» **Records to process**:

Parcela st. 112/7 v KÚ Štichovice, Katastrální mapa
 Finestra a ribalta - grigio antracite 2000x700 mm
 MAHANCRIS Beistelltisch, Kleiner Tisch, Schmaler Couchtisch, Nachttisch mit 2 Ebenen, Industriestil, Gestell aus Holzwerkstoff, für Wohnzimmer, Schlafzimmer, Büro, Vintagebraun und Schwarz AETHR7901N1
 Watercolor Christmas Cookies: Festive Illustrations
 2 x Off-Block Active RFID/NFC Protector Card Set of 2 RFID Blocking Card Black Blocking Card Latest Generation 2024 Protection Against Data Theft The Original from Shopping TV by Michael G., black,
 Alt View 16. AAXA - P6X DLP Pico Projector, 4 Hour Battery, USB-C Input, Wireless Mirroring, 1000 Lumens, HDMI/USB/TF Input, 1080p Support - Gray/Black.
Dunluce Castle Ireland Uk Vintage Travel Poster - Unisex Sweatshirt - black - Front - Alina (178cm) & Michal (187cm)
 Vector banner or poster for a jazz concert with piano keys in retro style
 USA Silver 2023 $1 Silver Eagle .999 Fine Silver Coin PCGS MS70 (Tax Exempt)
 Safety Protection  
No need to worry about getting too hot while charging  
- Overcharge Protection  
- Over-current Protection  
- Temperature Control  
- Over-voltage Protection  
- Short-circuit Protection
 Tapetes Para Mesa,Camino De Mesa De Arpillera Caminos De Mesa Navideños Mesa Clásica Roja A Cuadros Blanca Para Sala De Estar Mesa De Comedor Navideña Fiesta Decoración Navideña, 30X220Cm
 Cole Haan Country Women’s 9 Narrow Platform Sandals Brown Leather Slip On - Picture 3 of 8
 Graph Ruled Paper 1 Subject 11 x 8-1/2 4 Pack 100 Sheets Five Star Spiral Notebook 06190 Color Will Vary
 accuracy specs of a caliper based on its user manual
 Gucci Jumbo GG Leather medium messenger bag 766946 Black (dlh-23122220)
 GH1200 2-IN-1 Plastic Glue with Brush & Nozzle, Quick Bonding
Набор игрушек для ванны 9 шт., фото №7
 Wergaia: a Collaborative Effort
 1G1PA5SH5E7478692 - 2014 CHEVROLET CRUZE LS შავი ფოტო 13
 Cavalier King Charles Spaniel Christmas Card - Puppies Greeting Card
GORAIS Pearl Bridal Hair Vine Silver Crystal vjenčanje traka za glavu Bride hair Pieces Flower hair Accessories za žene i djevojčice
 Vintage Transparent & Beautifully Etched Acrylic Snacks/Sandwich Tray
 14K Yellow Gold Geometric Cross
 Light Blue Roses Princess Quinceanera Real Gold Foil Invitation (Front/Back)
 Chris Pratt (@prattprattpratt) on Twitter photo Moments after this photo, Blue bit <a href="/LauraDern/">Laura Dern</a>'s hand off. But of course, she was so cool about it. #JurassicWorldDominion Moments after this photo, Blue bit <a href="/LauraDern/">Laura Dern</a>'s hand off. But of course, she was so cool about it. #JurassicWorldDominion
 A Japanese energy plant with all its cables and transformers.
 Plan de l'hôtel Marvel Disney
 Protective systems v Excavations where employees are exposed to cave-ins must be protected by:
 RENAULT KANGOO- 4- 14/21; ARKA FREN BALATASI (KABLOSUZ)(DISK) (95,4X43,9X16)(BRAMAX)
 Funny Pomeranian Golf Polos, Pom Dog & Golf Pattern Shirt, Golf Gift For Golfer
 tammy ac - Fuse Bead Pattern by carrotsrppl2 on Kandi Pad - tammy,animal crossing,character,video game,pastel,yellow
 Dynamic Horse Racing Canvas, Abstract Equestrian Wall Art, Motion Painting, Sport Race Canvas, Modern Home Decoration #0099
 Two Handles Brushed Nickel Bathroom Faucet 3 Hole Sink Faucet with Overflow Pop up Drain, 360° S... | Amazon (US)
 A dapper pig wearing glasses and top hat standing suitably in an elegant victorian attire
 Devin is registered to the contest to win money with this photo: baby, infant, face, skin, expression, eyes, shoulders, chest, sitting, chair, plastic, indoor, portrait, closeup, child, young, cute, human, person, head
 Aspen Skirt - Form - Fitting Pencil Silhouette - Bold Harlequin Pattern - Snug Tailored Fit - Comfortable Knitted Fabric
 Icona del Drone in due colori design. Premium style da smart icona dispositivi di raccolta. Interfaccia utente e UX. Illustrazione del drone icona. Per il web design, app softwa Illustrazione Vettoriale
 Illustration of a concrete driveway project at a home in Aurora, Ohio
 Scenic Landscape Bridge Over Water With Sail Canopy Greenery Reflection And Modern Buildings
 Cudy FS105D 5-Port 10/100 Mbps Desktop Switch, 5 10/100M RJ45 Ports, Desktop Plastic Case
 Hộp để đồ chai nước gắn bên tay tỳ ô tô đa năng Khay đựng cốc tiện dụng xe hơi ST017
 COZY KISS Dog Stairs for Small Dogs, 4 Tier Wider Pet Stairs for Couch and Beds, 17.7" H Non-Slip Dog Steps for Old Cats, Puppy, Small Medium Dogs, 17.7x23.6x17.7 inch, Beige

» **What to work on**: Could you transcribe the entries exactly, from the first line through the line containing "- Over-current Protection", and give nothing more?

» **Result of the exercise**:
Parcela st. 112/7 v KÚ Štichovice, Katastrální mapa
 Finestra a ribalta - grigio antracite 2000x700 mm
 MAHANCRIS Beistelltisch, Kleiner Tisch, Schmaler Couchtisch, Nachttisch mit 2 Ebenen, Industriestil, Gestell aus Holzwerkstoff, für Wohnzimmer, Schlafzimmer, Büro, Vintagebraun und Schwarz AETHR7901N1
 Watercolor Christmas Cookies: Festive Illustrations
 2 x Off-Block Active RFID/NFC Protector Card Set of 2 RFID Blocking Card Black Blocking Card Latest Generation 2024 Protection Against Data Theft The Original from Shopping TV by Michael G., black,
 Alt View 16. AAXA - P6X DLP Pico Projector, 4 Hour Battery, USB-C Input, Wireless Mirroring, 1000 Lumens, HDMI/USB/TF Input, 1080p Support - Gray/Black.
Dunluce Castle Ireland Uk Vintage Travel Poster - Unisex Sweatshirt - black - Front - Alina (178cm) & Michal (187cm)
 Vector banner or poster for a jazz concert with piano keys in retro style
 USA Silver 2023 $1 Silver Eagle .999 Fine Silver Coin PCGS MS70 (Tax Exempt)
 Safety Protection  
No need to worry about getting too hot while charging  
- Overcharge Protection  
- Over-current Protection  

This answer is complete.